Task details => Produce as output only the lines below starting at the line with "Apartamento Louis Xiv, Le" and continuing through the line with "System Sensor JTW-SD-885 Heat Detector", each one exactly as written.

***** Dataset records *****

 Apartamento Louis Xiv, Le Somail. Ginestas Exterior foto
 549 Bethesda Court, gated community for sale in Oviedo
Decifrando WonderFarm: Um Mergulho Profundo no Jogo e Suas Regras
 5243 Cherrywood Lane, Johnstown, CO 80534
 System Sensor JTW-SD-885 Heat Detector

*****
***** Dataset records *****

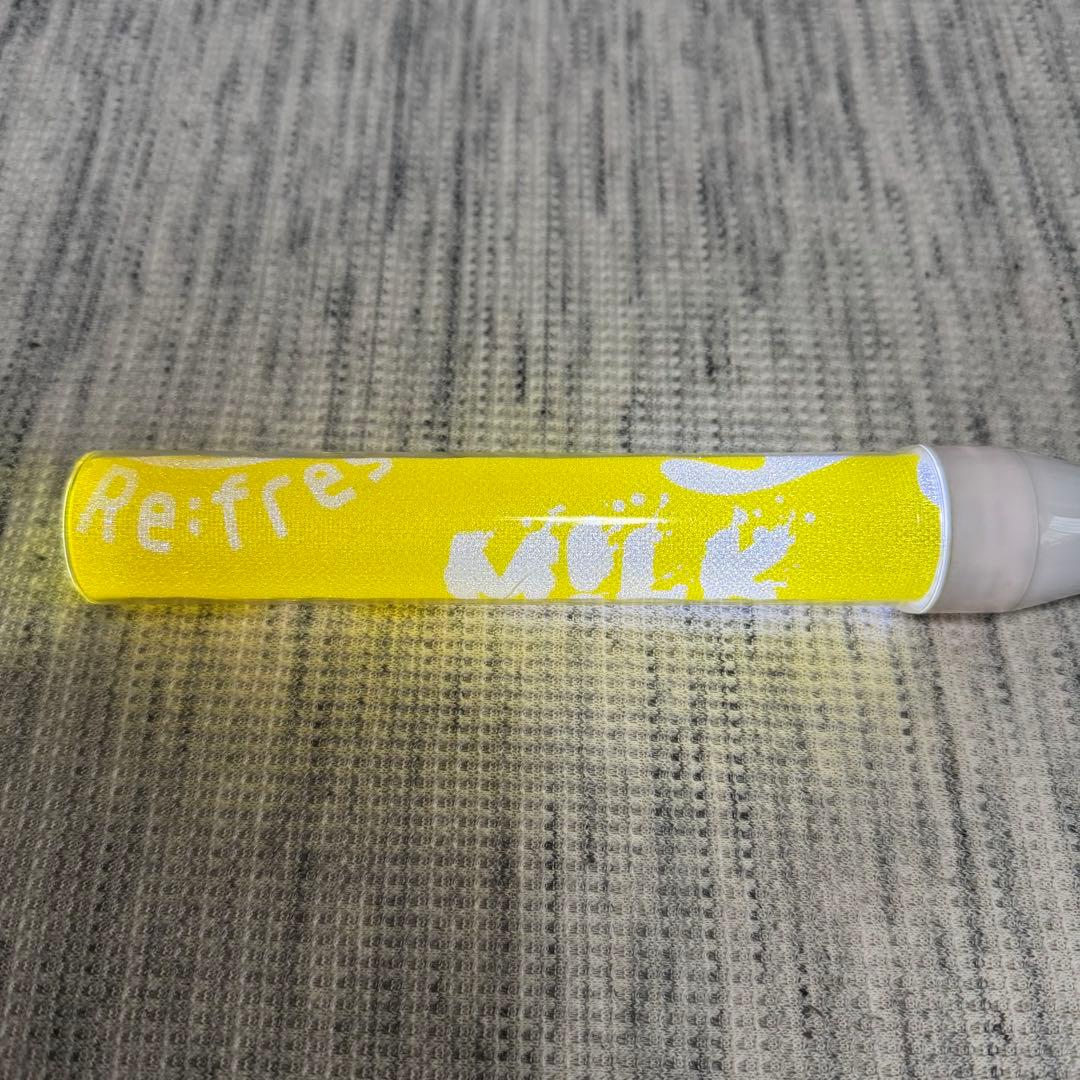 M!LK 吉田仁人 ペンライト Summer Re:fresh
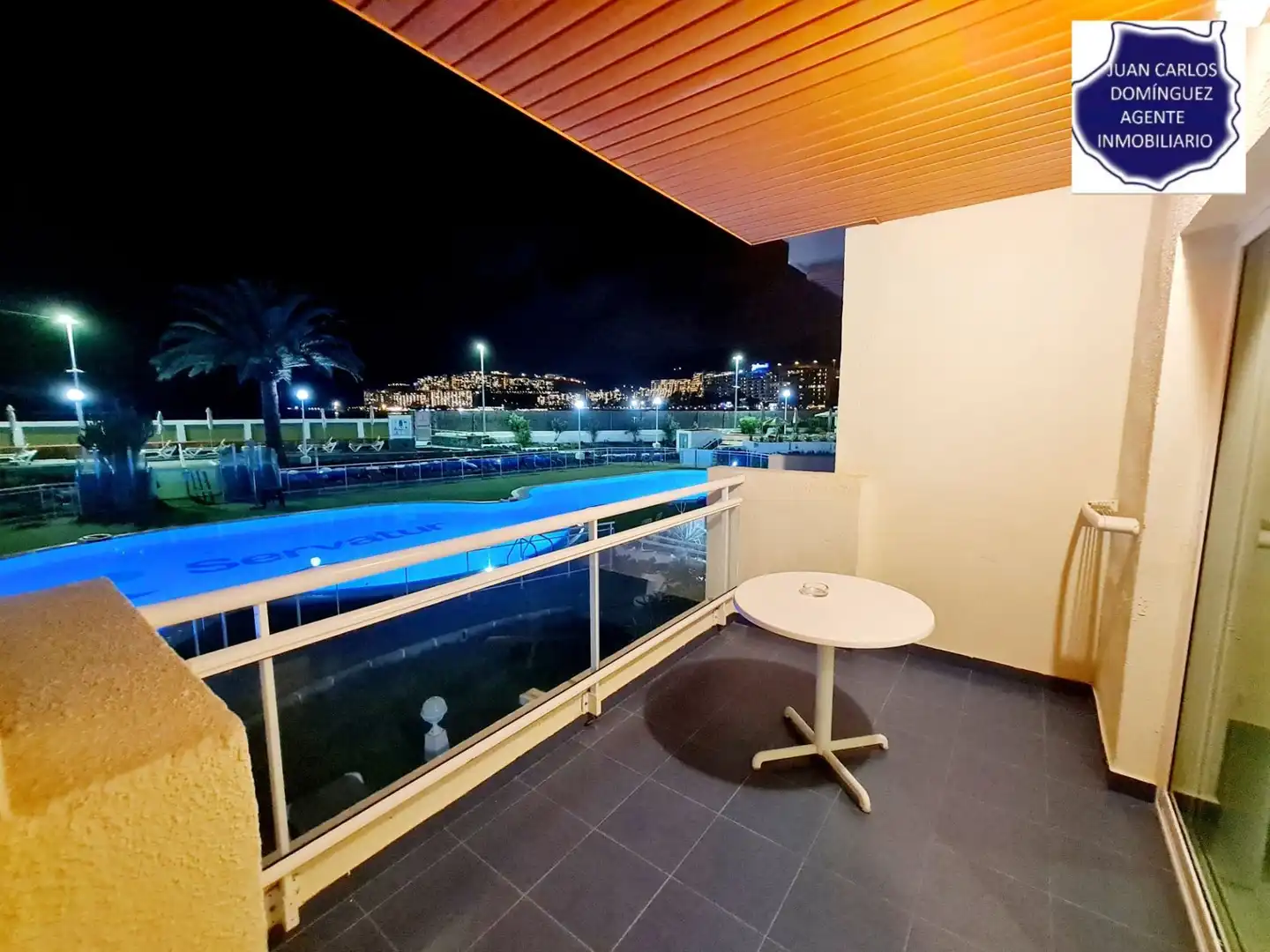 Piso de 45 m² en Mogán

*****

Solution below =>
 Apartamento Louis Xiv, Le Somail. Ginestas Exterior foto
 549 Bethesda Court, gated community for sale in Oviedo
Decifrando WonderFarm: Um Mergulho Profundo no Jogo e Suas Regras
 5243 Cherrywood Lane, Johnstown, CO 80534
 System Sensor JTW-SD-885 Heat Detector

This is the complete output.